Neruda.Ya de regreso a México se acercó a Jorge Cuesta y Xavier Villaurrutia y publicó ¡No pasarán! y Raíz

del hombre. Con Efraín Huerta y Rafael Solana, entre otros, fundó la revista Taller en 1938, en la que

participaron los escritores españoles de su generación exiliados en México. Un año después publicó A la orilla

del mundo y Noche de resurrecciones. En 1942, a instancias de José Bergamín, dio la conferencia titulada

Poesía de soledad, poesía de comunión, en la que estableció sus diferencias con la generación anterior y trató

de conciliar en una sola voz las poéticas de Villaurrutia y Neruda.En 1944, gracias a una beca Guggenheim,

pasó un año en Estados Unidos, donde descubrió la poesía de lengua inglesa.

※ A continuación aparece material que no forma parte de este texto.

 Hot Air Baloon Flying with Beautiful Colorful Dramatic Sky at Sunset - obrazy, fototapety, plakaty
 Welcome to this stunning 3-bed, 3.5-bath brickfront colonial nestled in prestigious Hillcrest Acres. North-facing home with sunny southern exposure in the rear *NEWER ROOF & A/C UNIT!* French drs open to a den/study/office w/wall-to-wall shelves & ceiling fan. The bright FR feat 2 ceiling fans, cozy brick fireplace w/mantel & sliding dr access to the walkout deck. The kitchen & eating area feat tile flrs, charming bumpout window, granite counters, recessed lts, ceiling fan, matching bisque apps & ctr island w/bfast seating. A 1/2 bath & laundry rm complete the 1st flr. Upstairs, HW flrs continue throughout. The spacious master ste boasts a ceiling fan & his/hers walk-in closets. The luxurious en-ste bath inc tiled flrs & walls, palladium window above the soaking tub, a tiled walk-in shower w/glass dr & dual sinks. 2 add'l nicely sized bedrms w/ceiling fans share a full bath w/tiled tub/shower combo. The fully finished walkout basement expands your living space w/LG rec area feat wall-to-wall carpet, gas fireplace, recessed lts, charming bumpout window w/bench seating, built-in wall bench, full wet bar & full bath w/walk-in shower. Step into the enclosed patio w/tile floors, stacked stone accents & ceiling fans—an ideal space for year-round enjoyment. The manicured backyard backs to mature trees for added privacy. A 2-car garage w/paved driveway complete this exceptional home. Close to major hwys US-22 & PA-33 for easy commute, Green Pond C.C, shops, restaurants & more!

En 1946 se incorporó al Servicio

Exterior Mexicano y fue enviado a París. A través del poeta surrealista Benjamin Péret conoció a André

Breton y entabló amistad con Albert Camus y otros intelectuales europeos e hispanoamericanos del París de la

posguerra. Esta estancia definirá con precisión sus posiciones culturales y políticas: cada vez más alejado del

marxismo, se fue acercando al surrealismo y empezó a interesarse por otros temas.

RESUMEN

MASCARAS MEXICANAS

Viejo o adolescente, criollo o mestizo, general, obrero o licenciado, el mexicano se me aparece como un ser

que se encierra y se preserva: máscara el rostro, máscara la sonrisa. Plantado en su arisca soledad, espinoso y

cortés a un tiempo, todo le sirve para defenderse: el silencio y la palabra, la cortesía y el desprecio, la ironía y

la resignación. Tan celoso de su intimidad como de la ajena, ni siquiera se atreve a rozar con los ojos al

vecino: una mirada puede desencadenar la cólera de esas almas cargadas de electricidad. Atraviesa la vida

como desollado; todo puede herirle, palabras y sospecha de palabras. Su lenguaje está lleno de reticencias, de

figuras y alusiones, de puntos suspensivos; en su silencio hay repliegues, matices, nubarrones, arco iris

súbitos, amenazas indescifrables. Aun en la disputa prefiere la expresión velada a la injuria: "al buen

entendedor pocas palabras". En suma, entre la realidad y su persona se establece una muralla, no por invisible

menos infranqueable, de impasibilidad y lejanía. El mexicano siempre está lejos, lejos del mundo y de los

demás. Lejos, también, de sí mismo.

La herencia hispanoárabe no explica completamente esta conducta. La actitud de los españoles frente a las

mujeres es muy simple y se expresa, con brutalidad y concisión, en dos refranes: "la mujer en la casa y con la

pata rota" y "entre santa y santo, pared de cal y canto". La mujer es una fiera doméstica, lujuriosa y pecadora

de nacimiento, a quien hay que someter con el palo y conducir con el "freno de la religión". De ahí que

muchos españoles consideren a las extranjeras y especialmente a las que pertenecen a países de raza o religión

diversas a las suyas como presa fácil. Para los mexicanos la mujer es un ser obscuro, secreto y pasivo. No se

le atribuyen malos instintos: se pretende que ni siquiera los tiene. Mejor dicho, no son suyos sino de la

especie; la mujer encarna la voluntad de la vida, que es por esencia impersonal. Ser ella misma, dueña de su

deseo, su pasión o su capricho, es ser infiel a sí misma. Bastante más libre y pagano que el español como

heredero de las grandes religiones naturalistas precolombinas el mexicano no condena al mundo natural.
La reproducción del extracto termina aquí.